Jason Allen, BS’01

Jason Allen knew early on of the opportunities the state’s flagship research university could offer him just an hour north of where he grew up in Springville.

“I had always wanted to attend the University of Utah due to its prestige within the state and nationally,” he says, especially due to the U’s stellar reputation in science and technology.

He wasn’t disappointed. Now a Physician and Medical Director of the Breast Imaging section in the University of Colorado Health South Region, this doctor of osteopathic medicine (DO) cut his teeth as a researcher in Dr. David Stillman’s lab with Dr. Leena Bhoite. “It was in his lab that I got great exposure to real ‘at the bench’ lab work as well as all the frustrations and excitement that go along with it,” he says.

Working in the Bioscience Undergraduate Research Program (BioURP) at the U was also formative for Allen, including the introductory summer course which he counts as “a great introduction to the program overall, [to] new people and some of the intricacies of basic … lab work.” He especially enjoyed working with Dr. Rosemary Gray and Dr. Janet Shaw, both of whom were “great mentors and significantly helped cultivate my interest in learning about the biological sciences.”
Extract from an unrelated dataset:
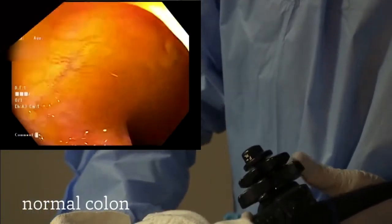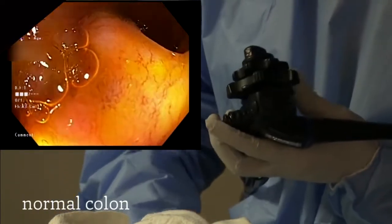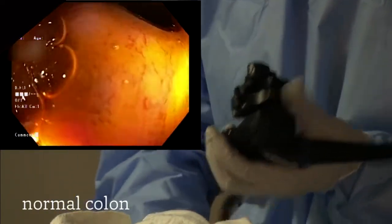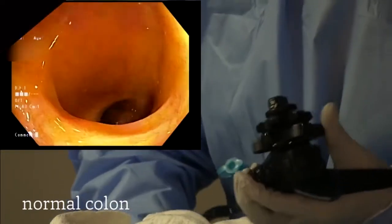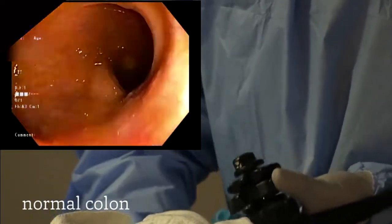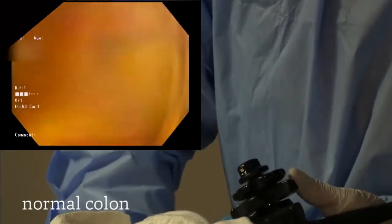We are now in the small intestine. You will notice a difference in the mucosa of the small intestine — there are finger-like projections called villi that line the small intestine. We could go further in the small intestine, but for the purpose of this exam, our focus is the colon. And so we're now back into the cecum.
Additionally, the spring undergraduate research symposium “amply prepared me for the requirements of medical school, internship and [a] residency, and even now working in the field of medicine,” he recalls. It wasn’t just the technical know-how and scientific rigor of BIOURP that propelled him forward into his career; the public speaking requirements and likely the network were also useful to him as he prepared for professional school.

After graduating from Kansas City University of Medicine and Biosciences in 2005, Allen completed a residency in Radiology with the San Antonio Uniformed Services Health Education Consortium in 2010. Following that he began a career in the United States Air Force at David Grant Medical Center as a general radiologist teaching radiology residents. After four years there and nine years of active duty service, he separated from the Air Force and completed fellowship training with the University of California at Davis Hospital in Sacramento.

In the Centennial State Allen is the lead interpreting physician in the breast imaging section. “Our group provides radiology interpretation services and image guided interventions for the University of Colorado Health system, as well as a number of additional smaller hospitals in southern Colorado,” he explains.

It may seem like a relative straight line for Allen’s career path, but he knows as well as most who have successfully arrived at the top of their game that it requires hard work. “Study hard,” he reminds those at the U who are just beginning their academic and professional careers. “Accept challenges and learn from mistakes (both your own AND the mistakes of others).” Setbacks and failures, he concludes, “are stepping stones toward great success!”

Dr. Allen with his son Gavin at his school in the “Watch D.O.G.S” (Dads Of Great Students) program.

The current pandemic has been one of those setbacks for many, including Allen. “Covid-19 has caused our group and the hospital systems we provide services for to streamline our processes and has really pushed us to embrace the use of technology to enable us to communicate with patients and other medical providers in new ways,” he says. “Although it has significantly limited in person interactions, Tele-Health interactions have increased significantly and have enabled us to provide services that were once difficult or impossible to provide.”

It’s not just about work for Allen. A fluent speaker of Brazilian Portuguese, he says he enjoys the great outdoors with his family and his personal hobbies of camping, fishing, water sports and photography.

For Jason Allen, the University of Utah and the School of Biological Sciences was not only the portal for his early initiation into science and medicine, but it turbo-charged his career through early experiences in research, or as he puts it, “at the bench,” not only in the lab but in life.